# Exercise instructions
Could you reproduce the lines below from the one with "125 Ashby Dr, Jackson, GA, 30233-2932" through the one with "Prise d'air latérale"? Keep both ends and add nothing.

# Supplied records
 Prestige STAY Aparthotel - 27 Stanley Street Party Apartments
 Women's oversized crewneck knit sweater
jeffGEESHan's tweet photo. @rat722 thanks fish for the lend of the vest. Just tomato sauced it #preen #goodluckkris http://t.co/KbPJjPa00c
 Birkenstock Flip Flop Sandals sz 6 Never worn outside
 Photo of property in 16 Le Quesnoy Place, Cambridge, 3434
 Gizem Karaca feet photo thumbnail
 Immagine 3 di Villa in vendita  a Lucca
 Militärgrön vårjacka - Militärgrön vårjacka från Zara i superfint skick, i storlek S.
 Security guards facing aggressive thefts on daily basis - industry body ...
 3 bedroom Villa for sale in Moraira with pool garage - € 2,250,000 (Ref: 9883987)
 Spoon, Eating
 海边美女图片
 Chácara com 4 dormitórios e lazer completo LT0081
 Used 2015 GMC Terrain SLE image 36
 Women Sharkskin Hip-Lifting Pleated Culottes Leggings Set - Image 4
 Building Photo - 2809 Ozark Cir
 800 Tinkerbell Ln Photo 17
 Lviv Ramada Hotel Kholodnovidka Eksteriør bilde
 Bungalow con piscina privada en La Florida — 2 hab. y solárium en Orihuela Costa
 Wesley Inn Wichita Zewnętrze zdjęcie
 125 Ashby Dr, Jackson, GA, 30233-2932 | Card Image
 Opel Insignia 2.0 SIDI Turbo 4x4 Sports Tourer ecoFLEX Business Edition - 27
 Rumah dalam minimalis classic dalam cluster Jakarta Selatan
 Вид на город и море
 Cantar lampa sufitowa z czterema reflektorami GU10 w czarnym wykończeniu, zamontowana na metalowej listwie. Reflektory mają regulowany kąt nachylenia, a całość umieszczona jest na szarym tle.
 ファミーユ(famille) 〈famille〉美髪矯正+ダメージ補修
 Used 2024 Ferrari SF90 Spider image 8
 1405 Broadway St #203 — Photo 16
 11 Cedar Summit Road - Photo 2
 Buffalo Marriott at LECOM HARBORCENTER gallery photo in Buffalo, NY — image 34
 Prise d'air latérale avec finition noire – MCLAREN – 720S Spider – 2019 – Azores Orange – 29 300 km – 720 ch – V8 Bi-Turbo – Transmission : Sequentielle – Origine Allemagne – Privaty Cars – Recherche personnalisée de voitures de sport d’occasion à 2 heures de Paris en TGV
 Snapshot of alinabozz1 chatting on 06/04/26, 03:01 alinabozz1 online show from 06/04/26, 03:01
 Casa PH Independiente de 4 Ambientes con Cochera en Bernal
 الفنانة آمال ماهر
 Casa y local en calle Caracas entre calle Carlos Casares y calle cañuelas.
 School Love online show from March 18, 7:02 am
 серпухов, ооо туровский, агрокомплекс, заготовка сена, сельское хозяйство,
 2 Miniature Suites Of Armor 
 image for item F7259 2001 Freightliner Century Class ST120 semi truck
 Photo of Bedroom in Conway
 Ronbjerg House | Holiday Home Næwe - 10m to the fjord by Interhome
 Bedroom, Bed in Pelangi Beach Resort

# Solution to this problem
 125 Ashby Dr, Jackson, GA, 30233-2932 | Card Image
 Opel Insignia 2.0 SIDI Turbo 4x4 Sports Tourer ecoFLEX Business Edition - 27
 Rumah dalam minimalis classic dalam cluster Jakarta Selatan
 Вид на город и море
 Cantar lampa sufitowa z czterema reflektorami GU10 w czarnym wykończeniu, zamontowana na metalowej listwie. Reflektory mają regulowany kąt nachylenia, a całość umieszczona jest na szarym tle.
 ファミーユ(famille) 〈famille〉美髪矯正+ダメージ補修
 Used 2024 Ferrari SF90 Spider image 8
 1405 Broadway St #203 — Photo 16
 11 Cedar Summit Road - Photo 2
 Buffalo Marriott at LECOM HARBORCENTER gallery photo in Buffalo, NY — image 34
 Prise d'air latérale avec finition noire – MCLAREN – 720S Spider – 2019 – Azores Orange – 29 300 km – 720 ch – V8 Bi-Turbo – Transmission : Sequentielle – Origine Allemagne – Privaty Cars – Recherche personnalisée de voitures de sport d’occasion à 2 heures de Paris en TGV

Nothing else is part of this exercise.